PROBLEM TO WORK ON. In the material below, the lines from the one containing "Hammer Bear Miniature" through the one containing "Entro Hot Pink" are to be given again exactly, ends included, and no others.

GIVEN DATA.
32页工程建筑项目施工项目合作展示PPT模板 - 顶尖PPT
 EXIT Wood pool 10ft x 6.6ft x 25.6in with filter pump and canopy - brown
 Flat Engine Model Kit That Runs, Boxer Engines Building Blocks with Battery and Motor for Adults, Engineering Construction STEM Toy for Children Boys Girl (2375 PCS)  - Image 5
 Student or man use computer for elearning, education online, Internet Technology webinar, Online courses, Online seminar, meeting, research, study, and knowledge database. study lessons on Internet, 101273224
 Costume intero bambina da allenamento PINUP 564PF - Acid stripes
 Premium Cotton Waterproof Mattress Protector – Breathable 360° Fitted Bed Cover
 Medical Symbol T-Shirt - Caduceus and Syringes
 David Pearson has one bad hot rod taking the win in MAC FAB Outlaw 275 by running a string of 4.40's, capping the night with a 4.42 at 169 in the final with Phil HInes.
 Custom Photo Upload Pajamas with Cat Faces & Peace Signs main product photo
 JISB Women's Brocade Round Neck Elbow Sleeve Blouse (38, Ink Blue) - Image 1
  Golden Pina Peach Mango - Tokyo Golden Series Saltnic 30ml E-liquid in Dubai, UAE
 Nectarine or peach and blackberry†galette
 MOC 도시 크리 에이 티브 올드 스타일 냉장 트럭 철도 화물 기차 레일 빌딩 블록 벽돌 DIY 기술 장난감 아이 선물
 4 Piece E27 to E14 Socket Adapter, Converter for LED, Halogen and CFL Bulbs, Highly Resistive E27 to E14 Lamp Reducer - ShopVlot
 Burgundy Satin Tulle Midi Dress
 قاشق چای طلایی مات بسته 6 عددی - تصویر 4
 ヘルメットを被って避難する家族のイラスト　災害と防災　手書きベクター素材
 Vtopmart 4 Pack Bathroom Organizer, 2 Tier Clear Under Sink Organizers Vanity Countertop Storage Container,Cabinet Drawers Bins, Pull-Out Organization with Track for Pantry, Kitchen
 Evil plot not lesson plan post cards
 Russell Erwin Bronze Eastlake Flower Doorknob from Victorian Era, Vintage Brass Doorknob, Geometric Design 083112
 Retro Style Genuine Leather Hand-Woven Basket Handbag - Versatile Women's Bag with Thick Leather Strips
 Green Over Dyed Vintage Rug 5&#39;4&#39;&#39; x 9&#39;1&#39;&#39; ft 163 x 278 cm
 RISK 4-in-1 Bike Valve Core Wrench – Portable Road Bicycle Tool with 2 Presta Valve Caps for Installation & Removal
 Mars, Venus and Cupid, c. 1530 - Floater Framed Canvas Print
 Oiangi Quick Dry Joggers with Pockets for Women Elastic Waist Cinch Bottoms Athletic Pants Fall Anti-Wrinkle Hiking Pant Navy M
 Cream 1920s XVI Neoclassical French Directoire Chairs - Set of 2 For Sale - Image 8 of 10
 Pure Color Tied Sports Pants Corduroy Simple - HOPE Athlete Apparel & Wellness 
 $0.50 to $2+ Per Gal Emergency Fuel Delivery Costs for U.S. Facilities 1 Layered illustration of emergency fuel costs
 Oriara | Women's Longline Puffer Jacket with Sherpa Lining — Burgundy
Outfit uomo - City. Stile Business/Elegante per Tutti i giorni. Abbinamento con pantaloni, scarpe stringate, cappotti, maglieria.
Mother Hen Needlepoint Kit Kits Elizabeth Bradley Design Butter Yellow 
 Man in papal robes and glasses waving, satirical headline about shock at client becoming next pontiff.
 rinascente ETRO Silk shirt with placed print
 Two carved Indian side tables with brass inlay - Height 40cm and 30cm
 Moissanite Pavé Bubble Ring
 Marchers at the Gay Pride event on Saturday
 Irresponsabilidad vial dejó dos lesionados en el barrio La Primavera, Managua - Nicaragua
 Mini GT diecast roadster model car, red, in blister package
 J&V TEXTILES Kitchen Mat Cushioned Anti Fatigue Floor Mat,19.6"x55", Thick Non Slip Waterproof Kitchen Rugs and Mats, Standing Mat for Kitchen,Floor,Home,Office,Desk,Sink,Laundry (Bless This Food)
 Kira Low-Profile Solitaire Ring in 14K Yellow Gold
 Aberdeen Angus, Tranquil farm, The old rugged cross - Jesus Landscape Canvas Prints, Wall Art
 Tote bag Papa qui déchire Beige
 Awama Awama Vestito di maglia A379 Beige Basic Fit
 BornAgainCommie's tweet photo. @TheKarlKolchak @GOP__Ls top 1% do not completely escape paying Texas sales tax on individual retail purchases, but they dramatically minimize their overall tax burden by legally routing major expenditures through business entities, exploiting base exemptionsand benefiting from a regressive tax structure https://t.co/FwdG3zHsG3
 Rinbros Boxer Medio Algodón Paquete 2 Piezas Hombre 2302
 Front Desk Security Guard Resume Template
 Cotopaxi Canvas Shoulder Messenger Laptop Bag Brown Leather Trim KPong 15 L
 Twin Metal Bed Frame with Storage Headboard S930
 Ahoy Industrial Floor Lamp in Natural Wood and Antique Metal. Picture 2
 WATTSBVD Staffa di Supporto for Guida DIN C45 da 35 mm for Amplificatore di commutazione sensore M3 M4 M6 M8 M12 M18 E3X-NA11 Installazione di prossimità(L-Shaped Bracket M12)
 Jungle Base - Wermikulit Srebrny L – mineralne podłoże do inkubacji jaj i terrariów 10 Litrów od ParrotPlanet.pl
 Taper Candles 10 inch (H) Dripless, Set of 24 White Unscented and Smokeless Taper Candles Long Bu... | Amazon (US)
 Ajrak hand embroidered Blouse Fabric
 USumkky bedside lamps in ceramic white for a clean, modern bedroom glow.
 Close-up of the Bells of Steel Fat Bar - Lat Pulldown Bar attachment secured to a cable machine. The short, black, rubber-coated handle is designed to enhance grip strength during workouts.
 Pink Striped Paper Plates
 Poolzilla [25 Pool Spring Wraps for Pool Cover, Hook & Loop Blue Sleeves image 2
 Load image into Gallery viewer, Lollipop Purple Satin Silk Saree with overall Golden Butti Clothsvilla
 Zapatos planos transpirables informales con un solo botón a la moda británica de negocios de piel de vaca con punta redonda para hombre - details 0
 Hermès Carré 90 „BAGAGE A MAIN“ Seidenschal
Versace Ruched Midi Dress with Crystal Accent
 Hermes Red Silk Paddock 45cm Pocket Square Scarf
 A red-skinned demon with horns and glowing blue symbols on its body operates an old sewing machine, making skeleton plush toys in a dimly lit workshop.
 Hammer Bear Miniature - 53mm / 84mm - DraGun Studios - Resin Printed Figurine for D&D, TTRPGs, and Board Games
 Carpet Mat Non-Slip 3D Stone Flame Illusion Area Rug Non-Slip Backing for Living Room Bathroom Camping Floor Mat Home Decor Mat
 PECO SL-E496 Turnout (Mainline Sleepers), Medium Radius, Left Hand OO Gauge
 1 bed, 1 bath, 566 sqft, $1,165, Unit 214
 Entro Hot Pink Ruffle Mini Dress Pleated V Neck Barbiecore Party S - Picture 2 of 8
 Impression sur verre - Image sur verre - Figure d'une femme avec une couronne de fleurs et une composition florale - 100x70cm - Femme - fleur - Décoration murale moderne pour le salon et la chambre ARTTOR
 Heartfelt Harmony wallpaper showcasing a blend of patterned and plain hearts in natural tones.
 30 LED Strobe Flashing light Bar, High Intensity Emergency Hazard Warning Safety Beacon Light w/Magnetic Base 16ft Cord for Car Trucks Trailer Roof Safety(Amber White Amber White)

TASK ANSWER.
 Hammer Bear Miniature - 53mm / 84mm - DraGun Studios - Resin Printed Figurine for D&D, TTRPGs, and Board Games
 Carpet Mat Non-Slip 3D Stone Flame Illusion Area Rug Non-Slip Backing for Living Room Bathroom Camping Floor Mat Home Decor Mat
 PECO SL-E496 Turnout (Mainline Sleepers), Medium Radius, Left Hand OO Gauge
 1 bed, 1 bath, 566 sqft, $1,165, Unit 214
 Entro Hot Pink Ruffle Mini Dress Pleated V Neck Barbiecore Party S - Picture 2 of 8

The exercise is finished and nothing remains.